HERSHER: Well, the first step is figuring out where they're coming from. You know, what is releasing them?
KWONG: Yeah. So separating out, like, cars versus trucks versus trains.
HERSHER: Yeah. Or even a little bit more broadly, like, if you're trying to get the big picture. So transportation - that would include everything you just listed - versus power plants versus agriculture.
KWONG: OK. All right.
HERSHER: And some of those things are easier to measure than others, right? Like, let's take the easier things first. These are things that are concentrated sources - stuff like tailpipes, exhaust pipes in general, smokestacks on factories. I actually talked to, arguably, one of the world experts on this. His name is Kent Johnson.

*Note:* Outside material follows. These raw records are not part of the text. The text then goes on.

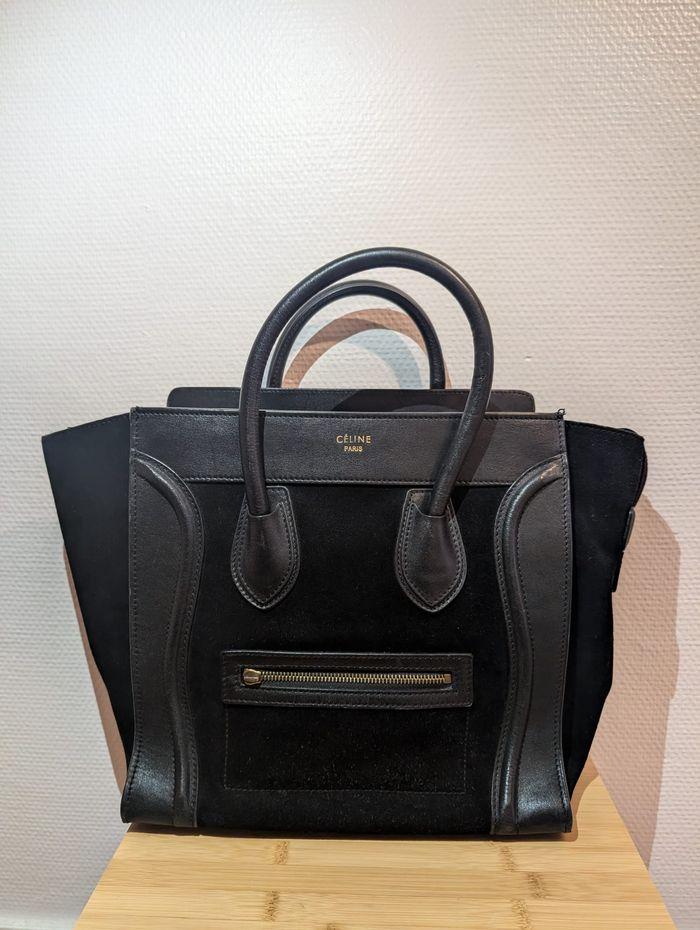 Sac a main  luggage celine noir - photo numéro 1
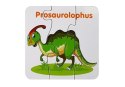 Puzzle Edukacyjne Dinozaury Angielski 10 Połączeń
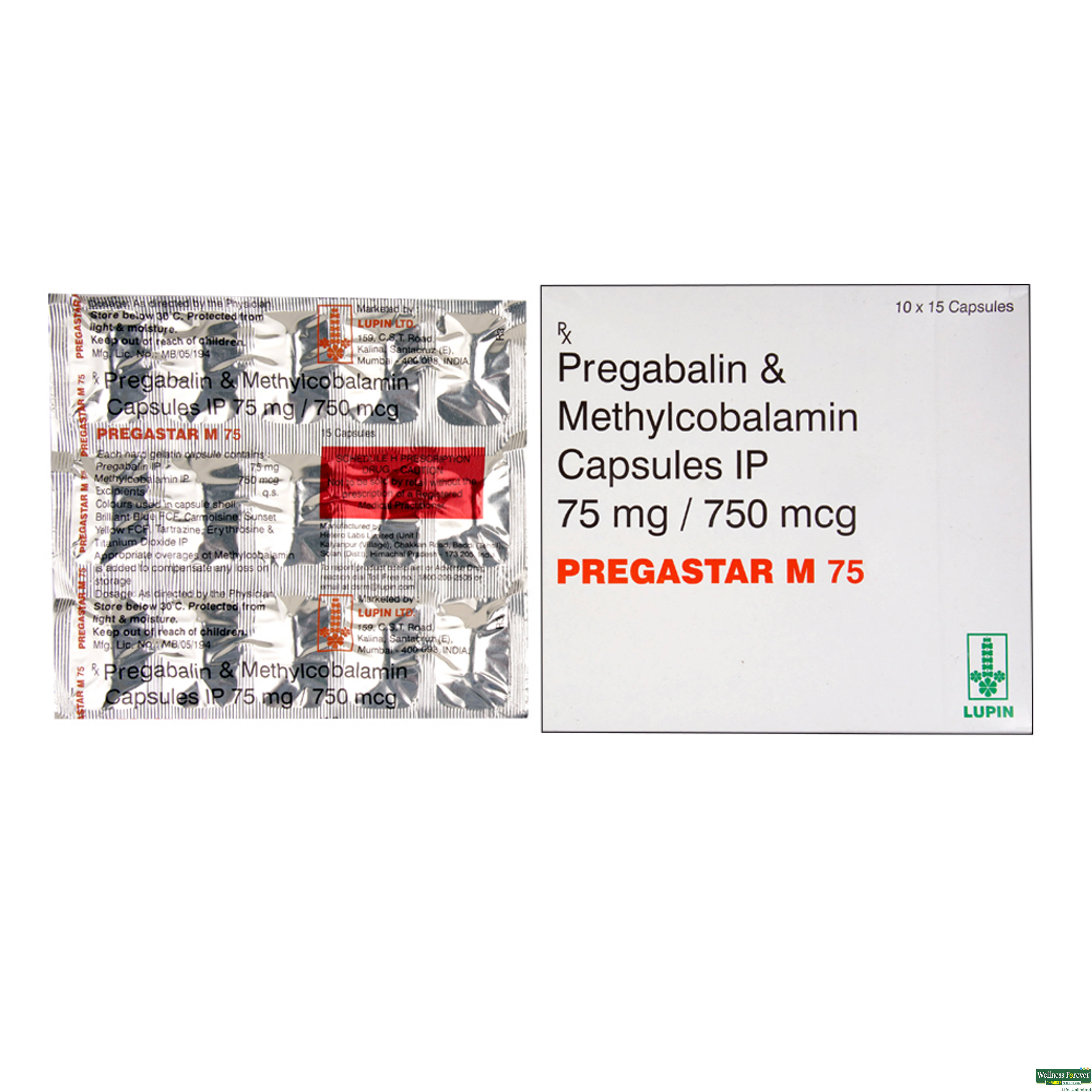 PREGASTAR-M 75MG 15CAP-image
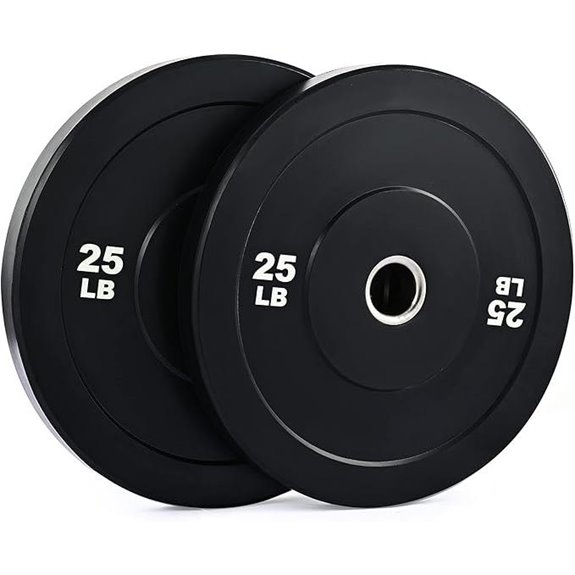 ZELUS 2-Piece Rubber Bumper Weight Plates Set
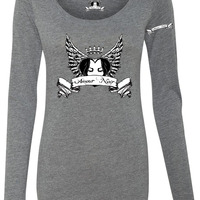  Amour Noir Women's Triblend Scoop Long Sleeve T-Shirt  - Thumbnail 3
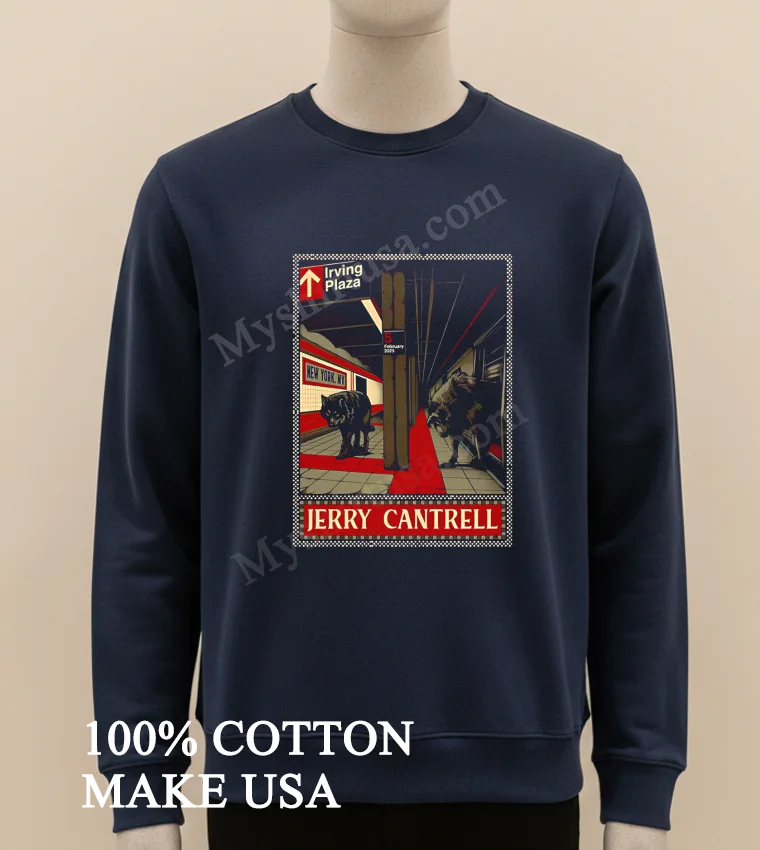Jerry Cantrell Tonight Poster At Irving Plaza In New York Ny On February 5Th 2025 funny america t-shirts - long sleve shirt Jerry Cantrell Tonight Poster At Irving Plaza In New York Ny On February 5th 2025 Shirt Long Sleve Shirt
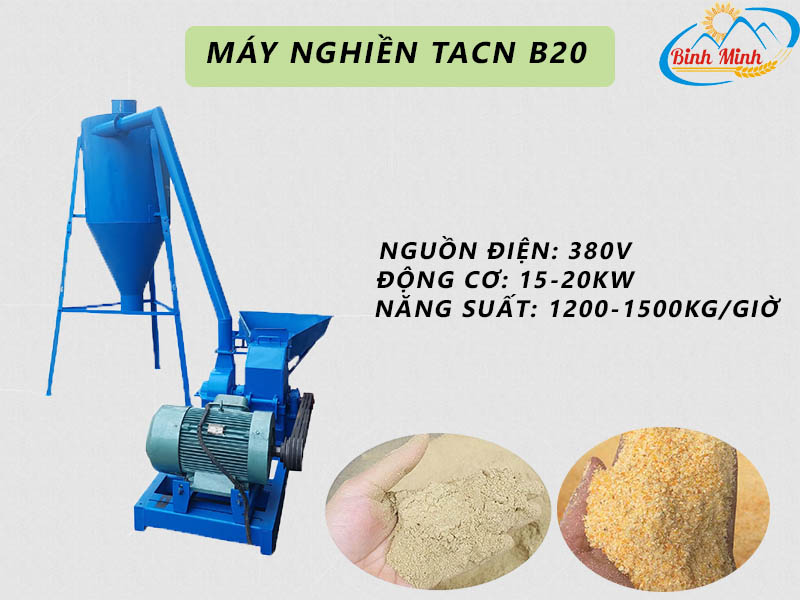 Máy nghiền thức ăn chăn nuôi B20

KENT JOHNSON: I'm a research faculty here at the University of California, Riverside. Most of my time is - it's been spent studying emissions from vehicles - yard tractors, trucks, cars, pretty much anything that has an emissions source, even hamburgers. You name it. If it burns and it has an emissions, we measure it.
KWONG: OK. So, Kent, good on you. He's the guy you call when you want to know how much CO2 your hamburger grill is releasing.
HERSHER: Yep. Or your brand-new sportscar or the trucks that lug things around at your warehouse. And basically, you know, not to oversimplify a career's worth of work, but he and his team figure out how to attach a sensor to the exhaust pipe of whatever it is, and then they just measure what comes out. Voila. Easy.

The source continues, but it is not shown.